Your goal: What you return should match the listing exactly, minus its images.

----- Supplied data -----

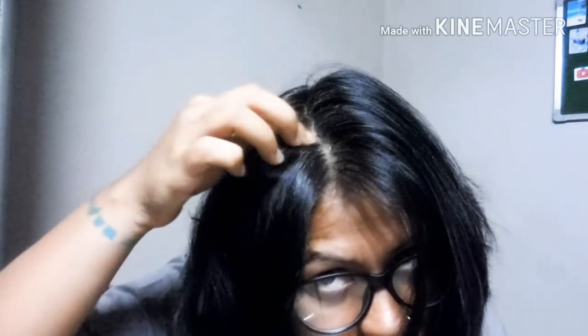The camera might not catch it perfectly, but this is where I have the most grays and my roots are showing through. Normally I'd just do a root touch-up, but today I'm going to do the full strands since I recently tried a highlighting kit throughout my hair.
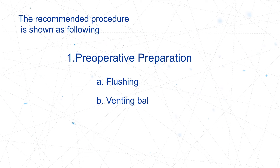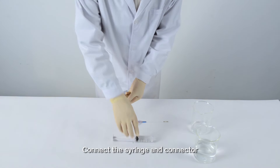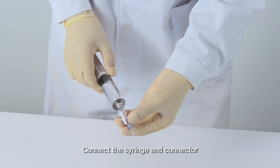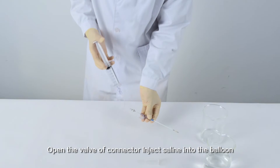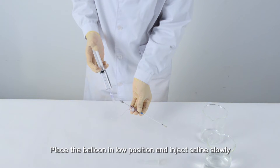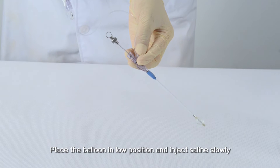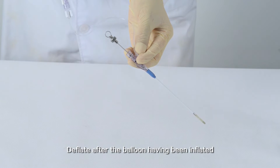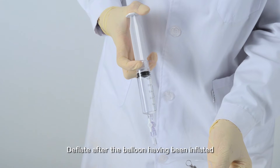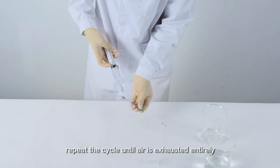Venting the balloon: Connect the syringe and connector, then open the valve of the connector. Inject saline into the balloon — place the balloon in a low position and inject saline slowly. Deflate after the balloon has been inflated, then repeat the cycle until air is exhausted entirely.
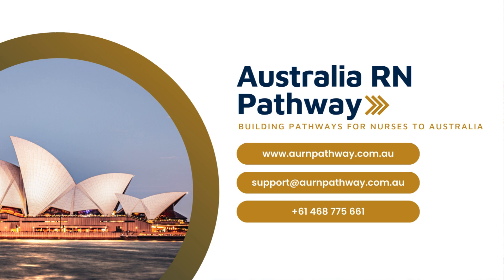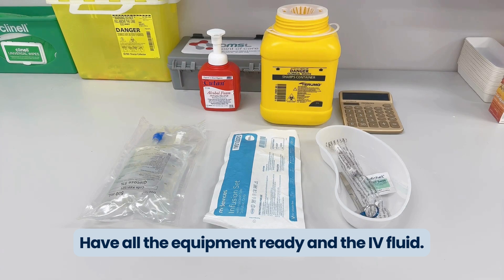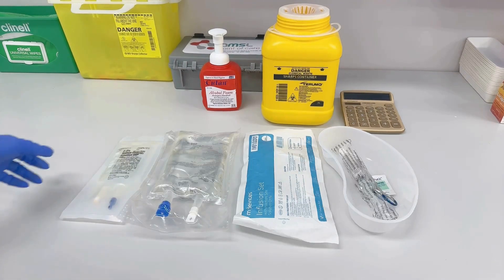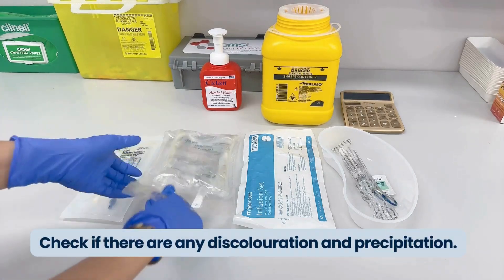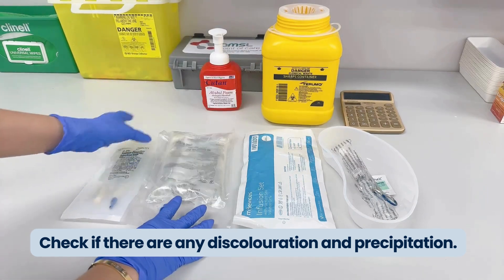To prepare and administer your IV fluid, have all the equipment ready along with the IV fluid. Make sure that you are checking the IV fluid itself — that there are no precipitates or anything unusual in the fluid.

-----

Solution to this problem:
The camera might not catch it perfectly, but this is where I have the most grays and my roots are showing through. Normally I'd just do a root touch-up, but today I'm going to do the full strands since I recently tried a highlighting kit throughout my hair.
Venting the balloon: Connect the syringe and connector, then open the valve of the connector. Inject saline into the balloon — place the balloon in a low position and inject saline slowly. Deflate after the balloon has been inflated, then repeat the cycle until air is exhausted entirely.
To prepare and administer your IV fluid, have all the equipment ready along with the IV fluid. Make sure that you are checking the IV fluid itself — that there are no precipitates or anything unusual in the fluid.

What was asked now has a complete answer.